The Howards of Virginia
A young Virginia man whose father and uncle had died fighting with the British during the French and Indian War builds a great plantation, befriends Thomas Jefferson, and learns to oppose his Loyalist relations and become a patriot. The Howards of Virginia is a cliché ridden tribute to American patriotism, produced at a time when the United States was divided over whether to provide financial and military support to England, which was at the time fighting a losing battle against Nazi Germany.
In the film, George Washington makes occasional appearances, as does fellow Virginian Patrick Henry, and stirring patriotic phrases creep in and out of the film’s dialogue. Matt Howard, the film’s protagonist portrayed by Cary Grant, goes through the requisite crisis of conscience while his more impetuous sons know what fate has drawn them to do, and act accordingly. When one is wounded while attempting to deliver a message to Lafayette, the father is spurred to action.

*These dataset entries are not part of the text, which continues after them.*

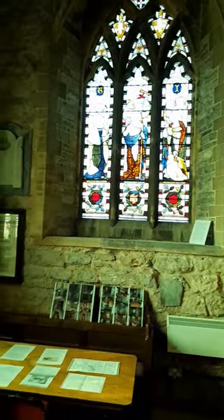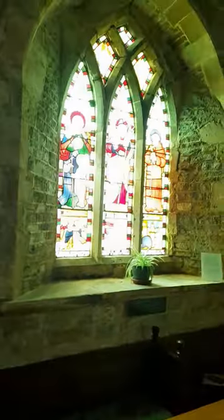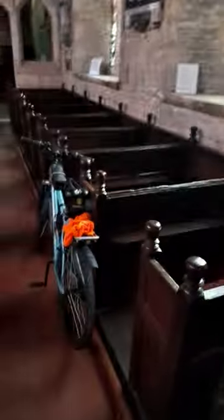I'm inside St Peter's Church, Clayworth, Nottinghamshire. You get a lot of these stained glass windows in these churches. There's my bike — I was allowed to bring it in so it didn't get stolen. So yeah, lots of impressive stained glass windows. I'll show you the wall paintings in a bit.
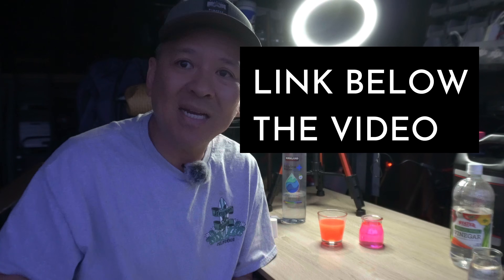Hope you guys enjoyed this video. I love my GX 460, and I'm here to help you guys take care of yours. Peace — BAM!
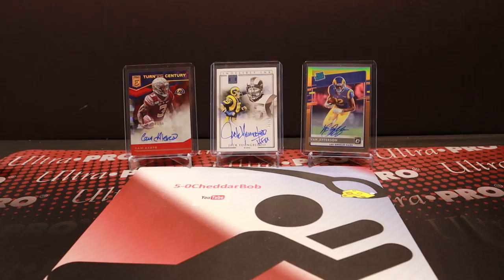What's up YouTube? 5-0 Cheddar Bob back with another video, and it's time once again for a mail day. Congratulations to the LA Rams, 2021 Super Bowl champions.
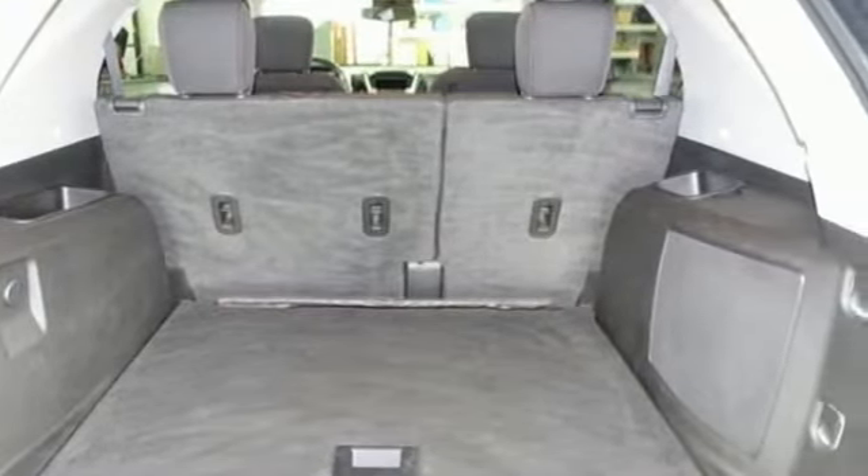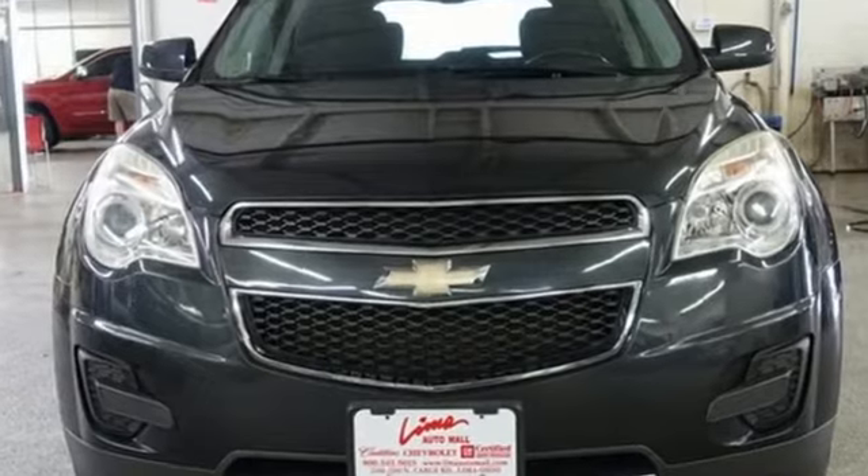Performance, value, durability — Chevy. Driving is believing. Test drive it today.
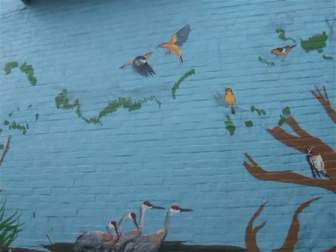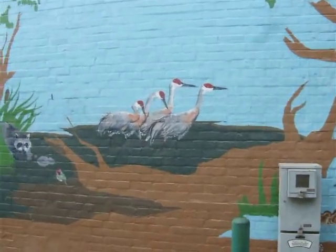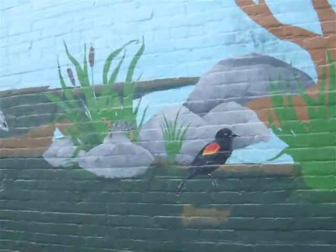I forgot to mention the rocks — check it out on the rocks. Anyhow, we'll do this again. There's the quails and the cranes and the raccoon and the red-winged blackbird and the turtle.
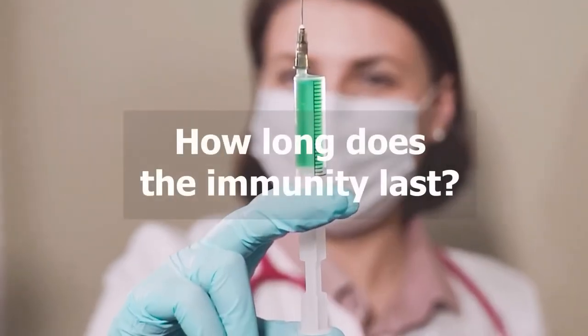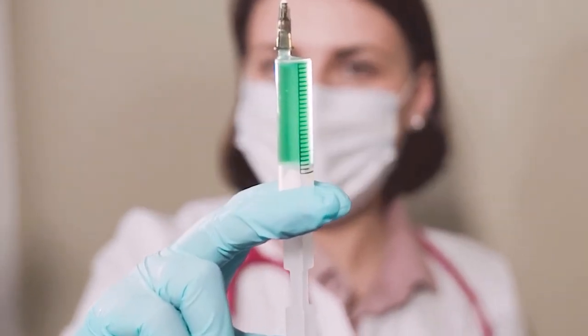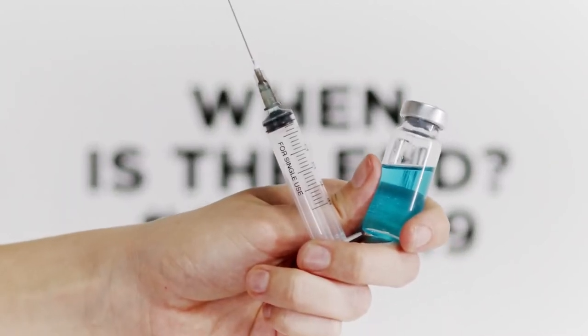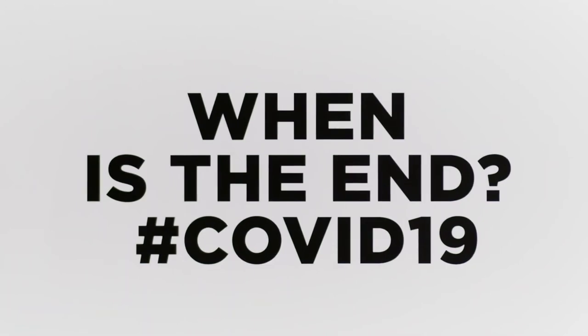How long does the immunity last? The answer is not very clear. We know the immune system will respond, but how long that will be valid, we don't know — we'll be able to identify that in the following months or years. For comparison, the measles vaccine given when you're very young lasts an entire lifetime, while the flu vaccine only protects for about a year. We don't really know yet, but immunizing the entire population is going to be an important step in determining how long the vaccine's effect will last.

While not historically inaccurate, although it does on occasion place certain historical personages in the wrong place at the wrong time, The Howards of Virginia does little to explain the causes of the rebellion against the King beyond the too often overworked “struggle against tyranny.” Virginia was a hotbed of revolutionary fervor for reasons often different from their New England brethren – many of them linked to England’s control of the slave trade – but these themes are unexplored.
The film does touch on the disillusionment of loyalists who feel that an uneducated and unruly mob will never replace the law and order offered by a king but such sentiments are washed away in patriotic fervor. All in all, the film could be placed with any of America’s wars as its backdrop, including the one about to take place as it was made in 1940.